In [None]:
%run init_notebook.py

import os
import random
import torch
import torch.nn as nn
import torch.optim as optim
import torchaudio.transforms as T
import librosa
import time
import torchaudio
from tqdm import tqdm
from torch.utils.data import DataLoader, Subset
from torch.optim.lr_scheduler import ReduceLROnPlateau
from IPython.display import Audio, display

from src.dataset import NSynth   
from src.models import VAE
from src.utils.models import adjust_shape
from src.utils.logger import save_training_results
from src.utils.models import compute_magnitude_and_phase

device = torch.device("cuda" if torch.cuda.is_available() else "cpu")
model_path = r"C:\Users\Articuno\Desktop\TFG-info\data\models\vae.pth"

# STFT transform
sample_rate = 16000
n_fft = 800
hop_length = 100
win_length = n_fft  # Same as n_fft

# Apply the correct transform for magnitude and phase (onesided=False to handle complex spectrogram)
stft_transform = T.Spectrogram(
    n_fft=n_fft,
    win_length=win_length,
    hop_length=hop_length,
    power=None,  # Keep as complex spectrogram (magnitude and phase)
    onesided=False,  # Make sure we keep the full spectrum (complex-valued)
    center=False
).to(device)

# Define the inverse STFT function (onesided=False)
istft_transform = torchaudio.transforms.InverseSpectrogram(
    n_fft=n_fft,
    win_length=win_length,
    hop_length=hop_length,
    onesided=False  # Make sure we reconstruct using the full complex spectrogram
).to(device)

# Datasets and DataLoaders, training parameters.
train_dataset = NSynth(partition='training')
valid_dataset = NSynth(partition='validation')
test_dataset  = NSynth(partition='testing')

batch_size = 64
training_subset_size = len(train_dataset)
train_dataset = Subset(train_dataset, list(range(training_subset_size)))
train_loader = DataLoader(train_dataset, batch_size=batch_size, shuffle=True, num_workers=8, pin_memory=True)
valid_loader = DataLoader(valid_dataset, batch_size=batch_size, shuffle=True, num_workers=8, pin_memory=True)
test_loader = DataLoader(test_dataset, batch_size=batch_size, shuffle=True, num_workers=8, pin_memory=True)

input_height = 800 
input_width  = 633
latent_dim   = 256
learning_rate = 1.5e-3

model = VAE((input_height, input_width), latent_dim).to(device)
if os.path.exists(model_path):
    try:
        model.load_state_dict(torch.load(model_path))
        print("Model loaded successfully.")
    except PermissionError as e:
        print(f"PermissionError: {e}. Unable to load the model.")
else:
    print("No saved model found, starting training from scratch.")

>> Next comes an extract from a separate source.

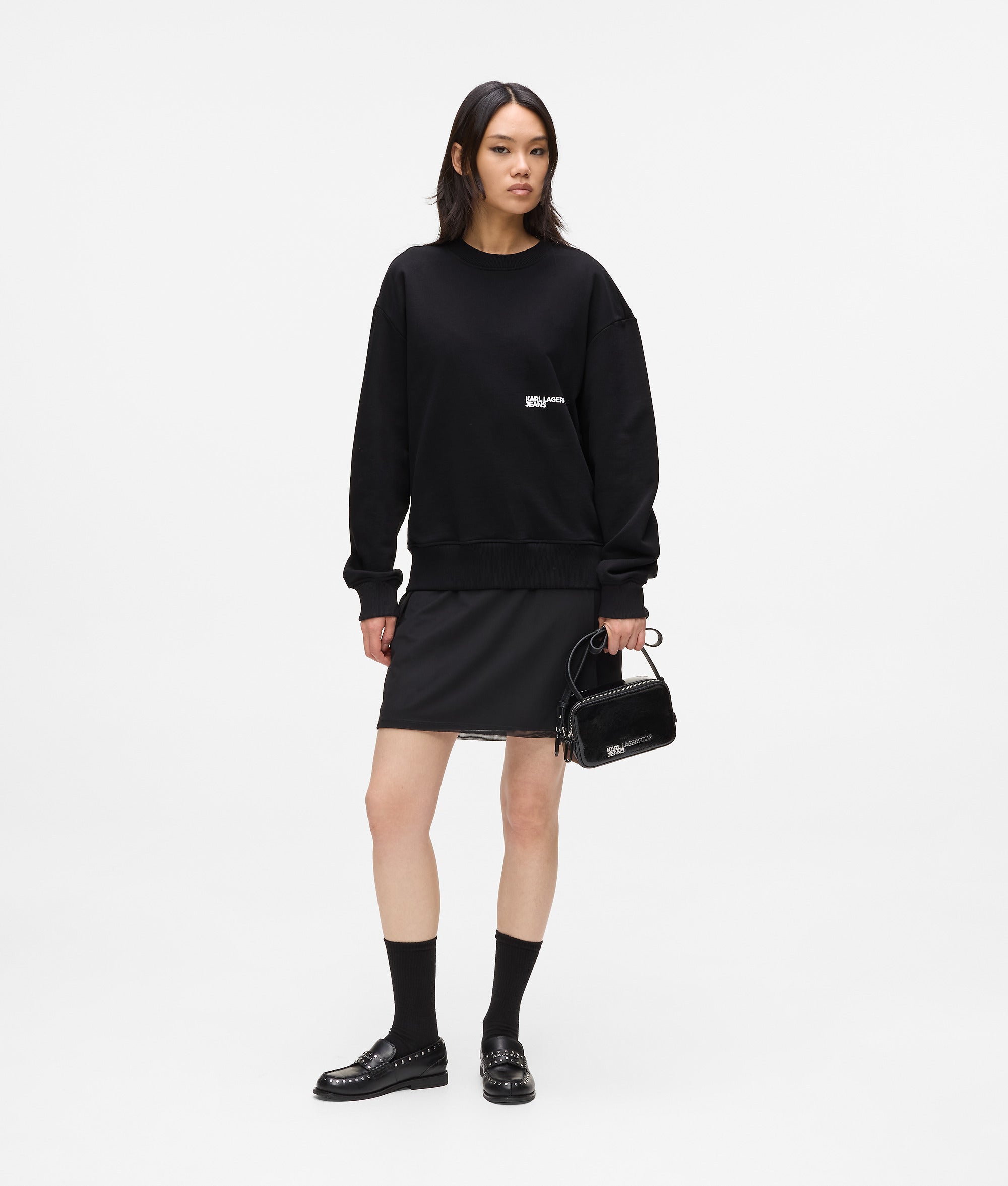 Relaxed Karl quote sweatshirt - Image 4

    # Model, Optimizer, and Loss
    optimizer = optim.Adam(model.parameters(), lr=learning_rate)

    # Training Loop
    num_epochs = 30
    log_interval = 10
    avg_epoch_time = 0.0

    training_losses = []
    validation_losses = []

    # Learning rate scheduler to reduce learning rate based on validation loss
    scheduler = ReduceLROnPlateau(optimizer, 'min', patience=3, factor=0.5)

    print(f"Starting training on {device}...")
    for epoch in tqdm(range(num_epochs), desc="Training"):

        model.train()
        start_epoch_time = time.time()
        train_loss = 0.0
        
        # Training Loop
        for i, (waveform, _, _, _) in enumerate(train_loader):
            # waveform has shape [batch_size, 1, time_steps]

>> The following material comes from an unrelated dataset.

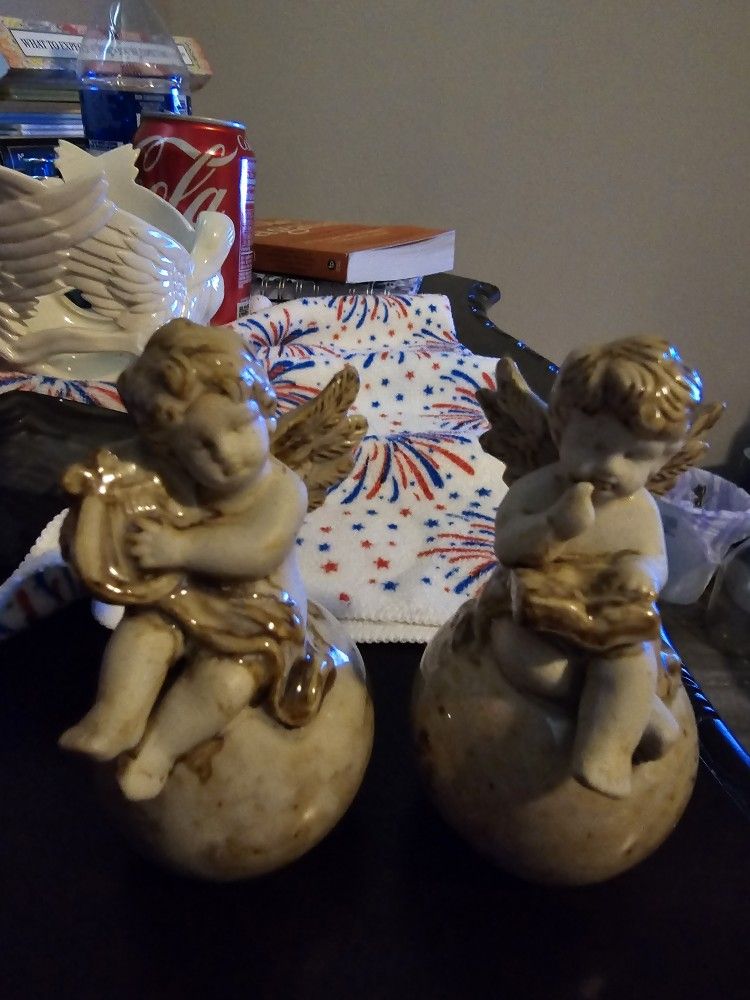 Vintage Porcelain Cherubs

            waveform = waveform.to(device)

            # Apply STFT transformation
            stft_spec = stft_transform(waveform)  # [batch_size, 1, freq_bins, time_frames]

            # Extract magnitude and phase
            magnitude, phase = compute_magnitude_and_phase(stft_spec)

            input = torch.cat([magnitude, phase], dim=1).to(device)  # [batch_size, 2, freq_bins, time_frames]

            optimizer.zero_grad()
            output, mu, log_var = model(input)  # shape [batch_size, 2, freq_bins, time_frames]

            loss = model.loss_function(input, output, mu, log_var, input.shape[0])
            
            loss.backward()
            optimizer.step()

            train_loss += loss.item() * waveform.size(0)

        # Compute average epoch loss for training
        train_loss /= len(train_loader.dataset)

        # Validation Loop
        model.eval()
        valid_loss = 0.0
        with torch.no_grad():
            for i, (waveform, _, _, _) in enumerate(valid_loader):
                waveform = waveform.to(device)
                stft_spec = stft_transform(waveform)
                
                # Extract magnitude and phase
                magnitude, phase = compute_magnitude_and_phase(stft_spec)
                input = torch.cat([magnitude, phase], dim=1).to(device)

                output, mu, log_var = model(input)
                loss = model.loss_function(input, output, mu, log_var, input.shape[0])
                valid_loss += loss.item() * waveform.size(0)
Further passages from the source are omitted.